##### Data shown
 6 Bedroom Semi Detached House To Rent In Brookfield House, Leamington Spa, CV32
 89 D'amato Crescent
##########
##### Data shown
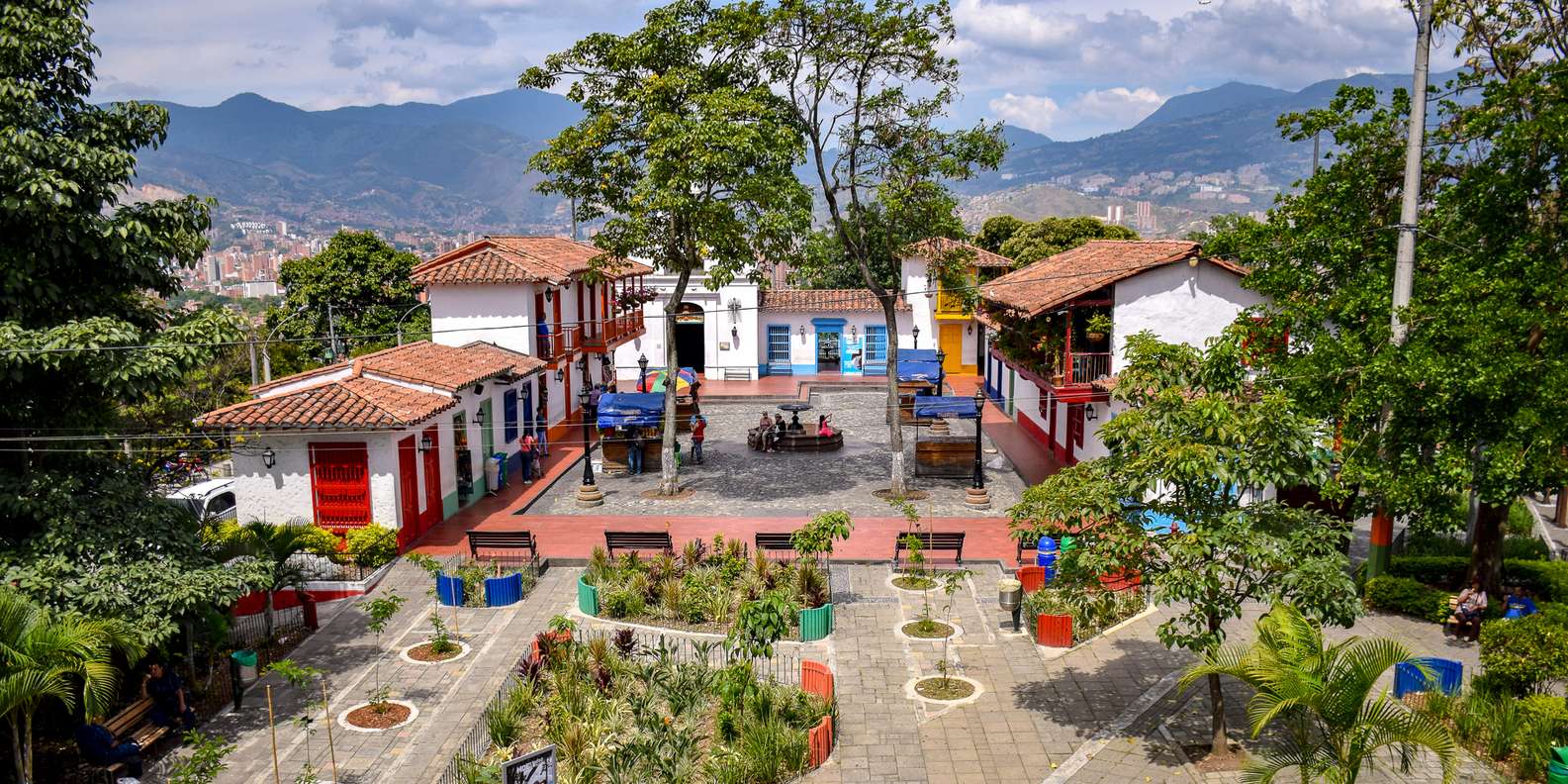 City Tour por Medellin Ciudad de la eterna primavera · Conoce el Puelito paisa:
##########
##### Data shown
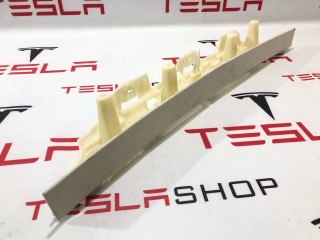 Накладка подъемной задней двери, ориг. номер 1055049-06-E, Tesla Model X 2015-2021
##########
◆ **Assignment**
Within the listing above, the range opens at the line with "6 Bedroom Semi" and closes at the line with "89 D'amato Crescent". Reproduce exactly the lines of that range, including both ends.

◆ **Response area**
 6 Bedroom Semi Detached House To Rent In Brookfield House, Leamington Spa, CV32
 89 D'amato Crescent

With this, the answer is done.